Predicting microbial health risks from roof harvested rainwater using animal fecal pathogens

David Damaree, John Johnston, Santosh Ghimire and Michael Jahne


Harvesting precipitation from rooftops is part of many green infrastructure projects to manage storm water and supplement water supplies. One of the barriers for implementing rooftop rainwater harvesting in the U.S. is limited risk-based treatment guidance for the use of roof-harvested rainwater.
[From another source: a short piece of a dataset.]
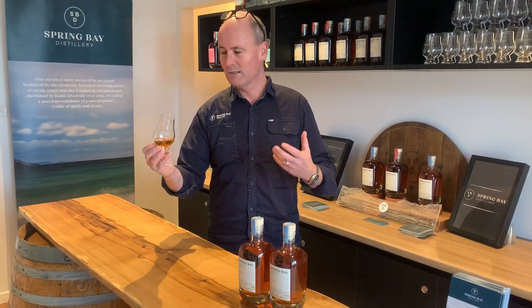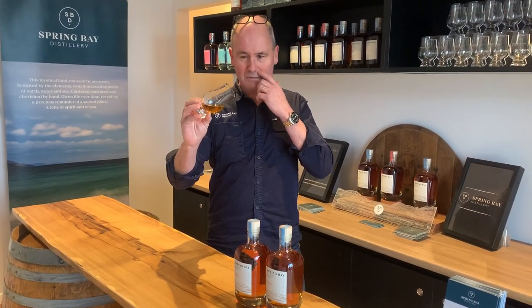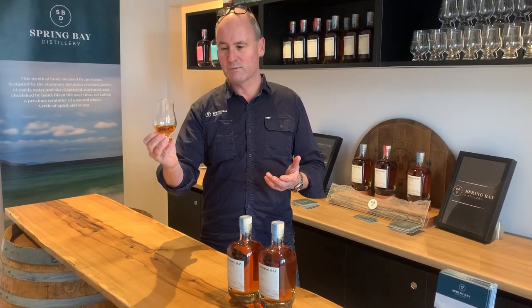It's got crème caramel, it's got almost crème brûlée, great legs, good colour, and for me, one thing that I really enjoy — it's got a nice long finish. Enjoy.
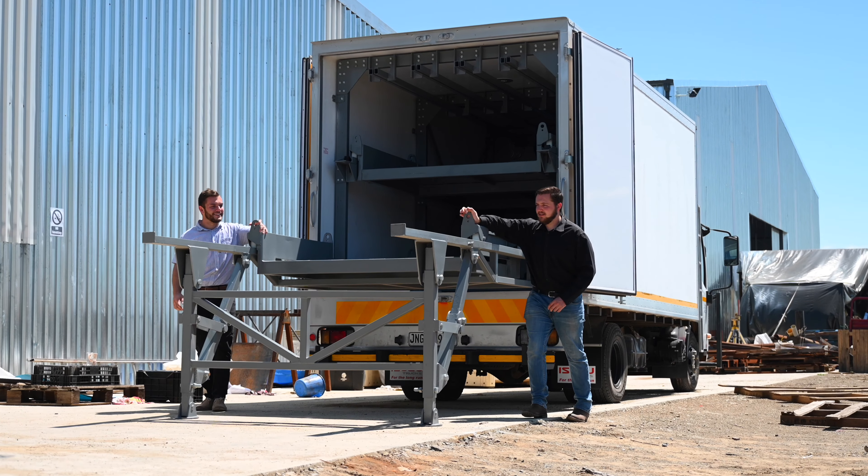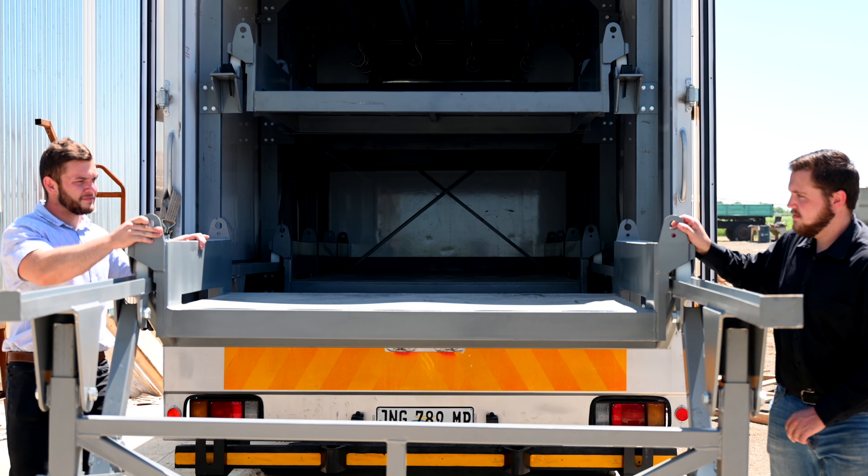Good day, my name is Dylan Nau. Good day, I'm John-Pierre Brits. Our final year project was about the development, manufacturing and validation of a cost-effective cold chain material handling system to be used in a sandbox refrigerated truck.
Guidance is limited due to data gaps (e.g., microbial pathogen characterization in rainwater), regional differences, varying roof-harvested rainwater infrastructure, materials, and maintenance, as well as the variability of pathogen characteristics (i.e., infection rate, prevalence, intensity, and virulence) in roof-harvested rainwater. To work toward the creation of guidance in the face of these issues a causal model was created to quantify the pathogenic risk of non-potable rainwater use. The model assumes the main source of pathogens in rainwater is from the feces of rooftop animals; therefore, there is a direct relationship between the pathogens in rainwater and animal feces. The prevalence of pathogens in animal feces was characterized using log normal distribution parameters, that were determined from a systematic review and meta-analysis. Using the assumptions, the prevalence of animal fecal pathogens was used to model pathogen concentration in rainwater based on the relative loadings of fecal indicator bacterial in rainwater collections and the animal feces. Modeled pathogen distributions in rainwater were then used in the hazard identification step of quantitative microbial risk assessment (QMRA) to support the development of risk-based guidance when using rainwater for non-potable use such as landscape irrigation, garden watering, and vehicle washing.